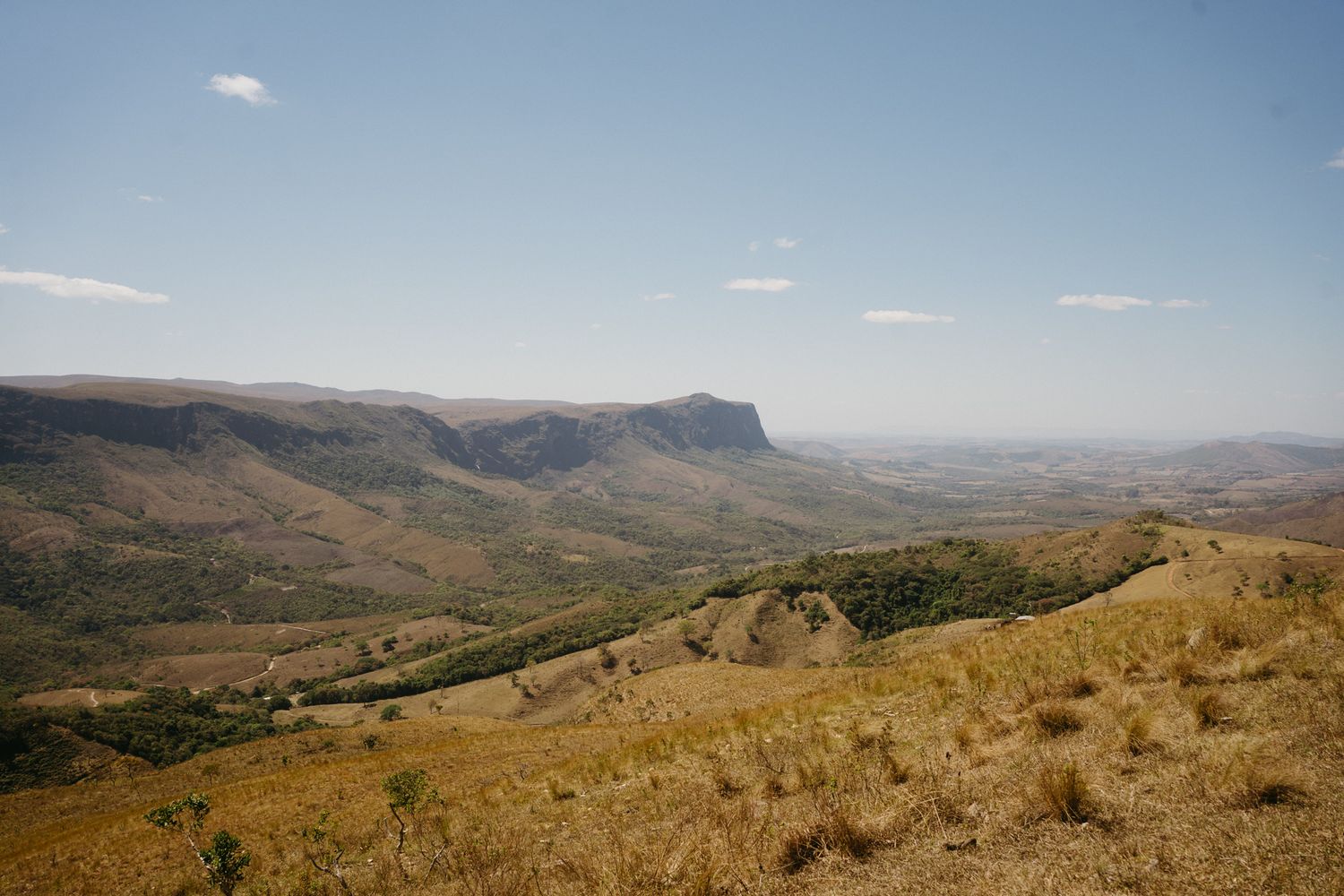 Uma vista panorâmica de colinas onduladas e montanhas marrons se estende por uma vasta paisagem desértica sob um céu azul. Serra da Canastra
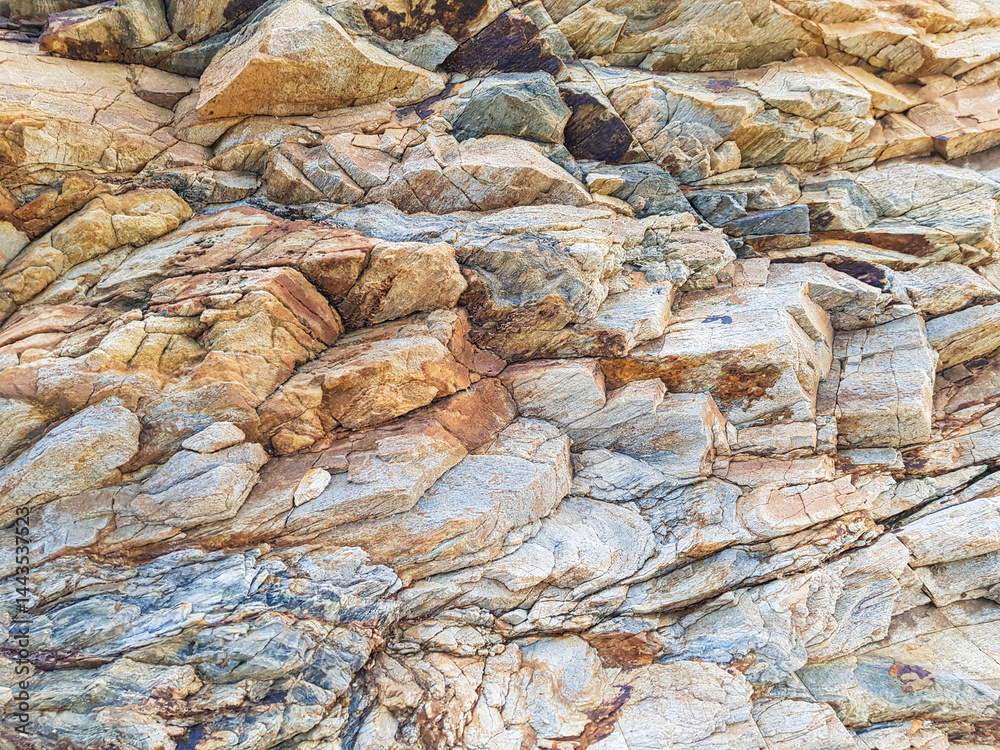 Unique rock formations display a blend of earthy tones and textures under bright sunlight. The natural beauty showcases layers of minerals and geological history, inviting exploration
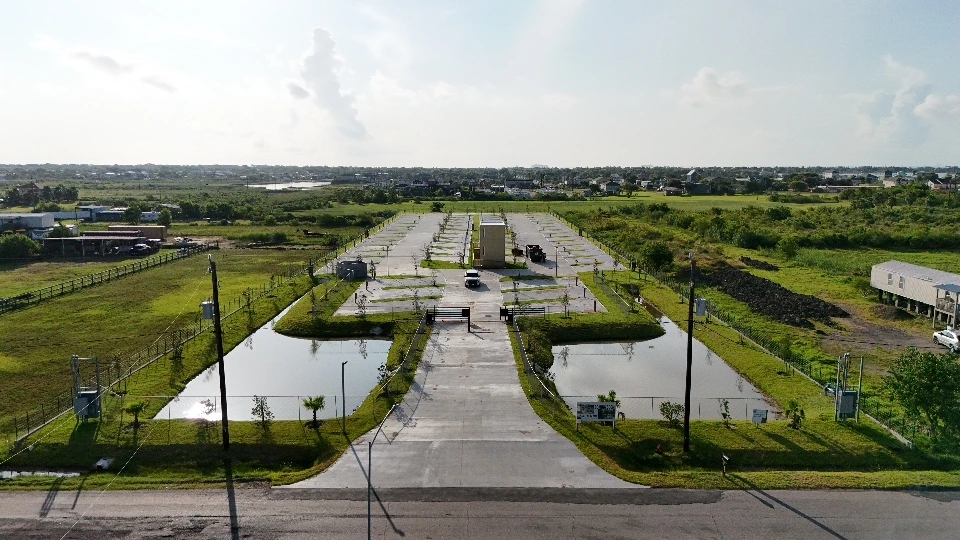 Gated entrance and central drive of A1 San Leon RV Park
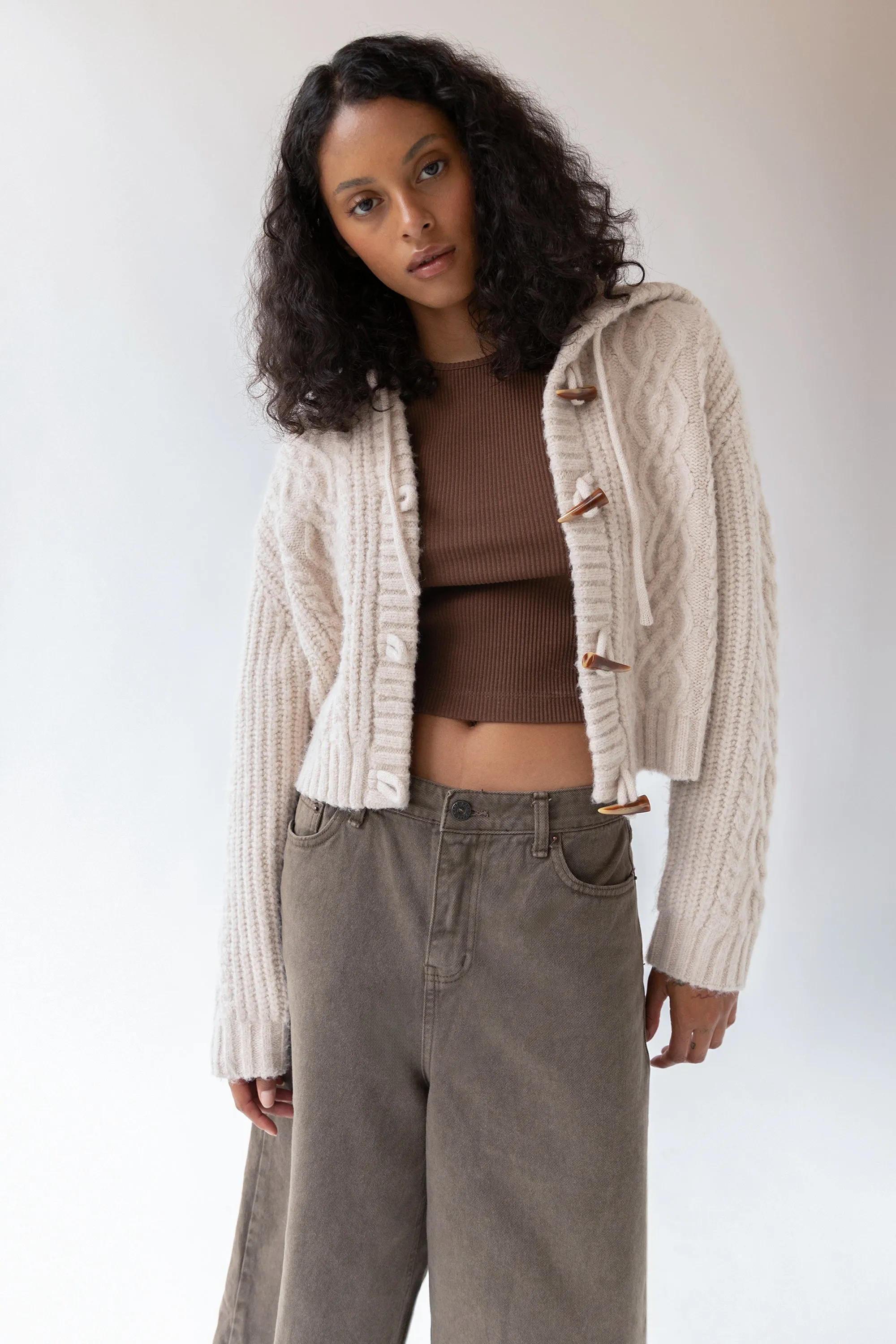 CABLE KNIT HOODED CARDIGAN WITH TOGGLE CLOSURE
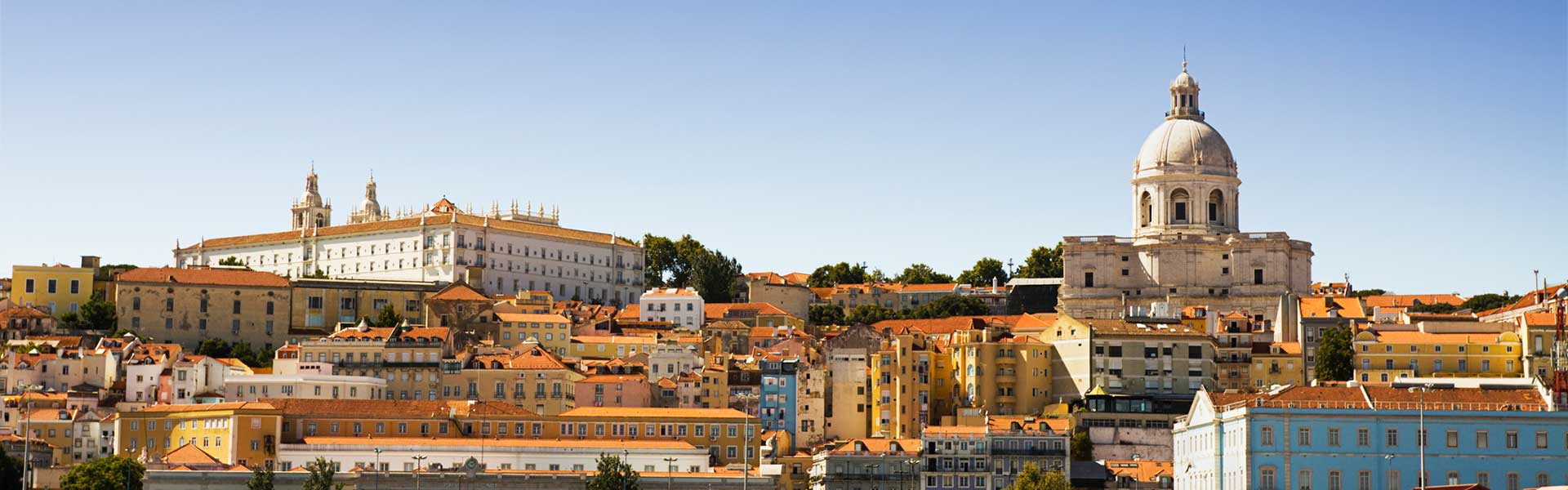 View of the Alfama district of Lisbon from the Tagus River with a clear blue sky overhead. 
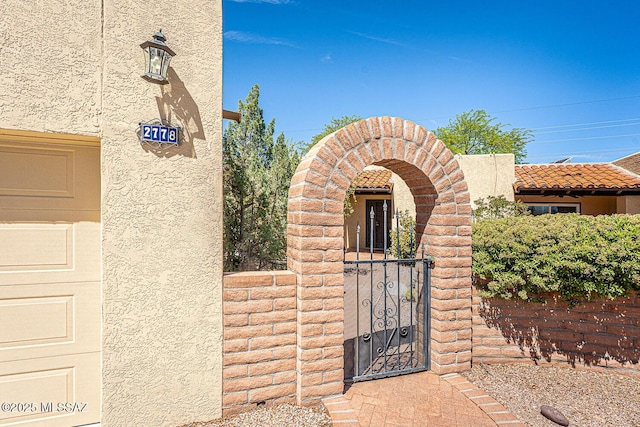 2778 S Via Del Bac, Green Valley, AZ 85622 - property entrance with stucco siding and a gate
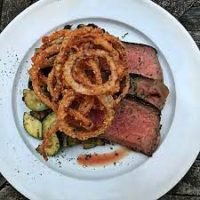 this is a photo of pan seared chuck roast with onion rings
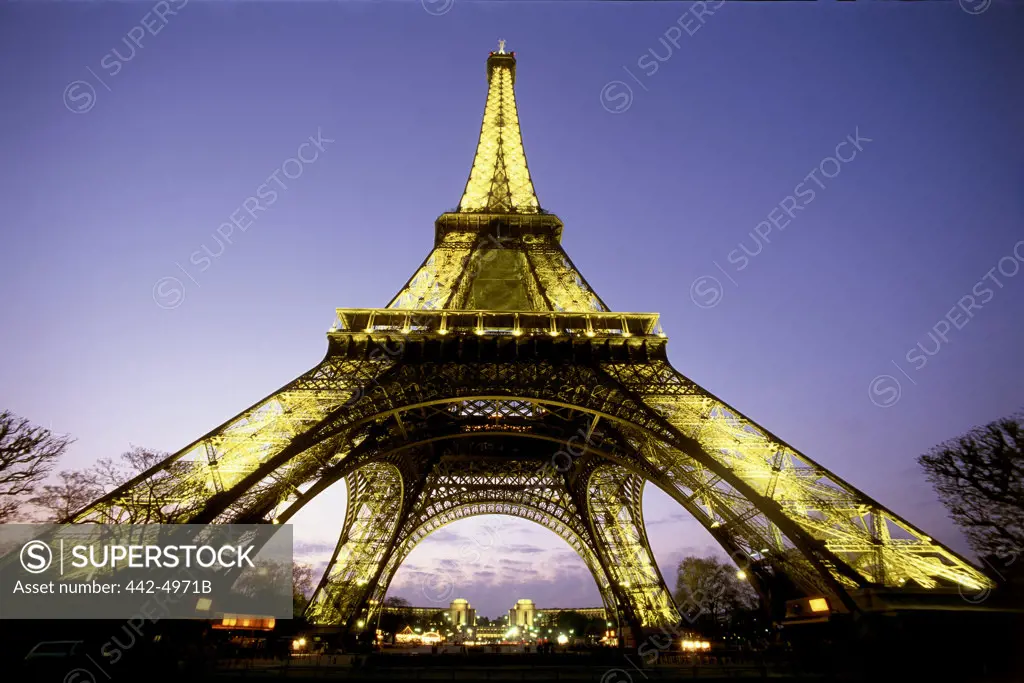 Low angle view of the Eiffel Tower lit up at dusk, Paris, France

---*---

**Instructions for the task**
Final task for the records above: print exactly the lines from the one that contains "CABLE KNIT HOODED" through the last line, both ends included, pictures excluded.

**Answer for this exercise**
 CABLE KNIT HOODED CARDIGAN WITH TOGGLE CLOSURE
 View of the Alfama district of Lisbon from the Tagus River with a clear blue sky overhead. 
 2778 S Via Del Bac, Green Valley, AZ 85622 - property entrance with stucco siding and a gate
 this is a photo of pan seared chuck roast with onion rings
 Low angle view of the Eiffel Tower lit up at dusk, Paris, France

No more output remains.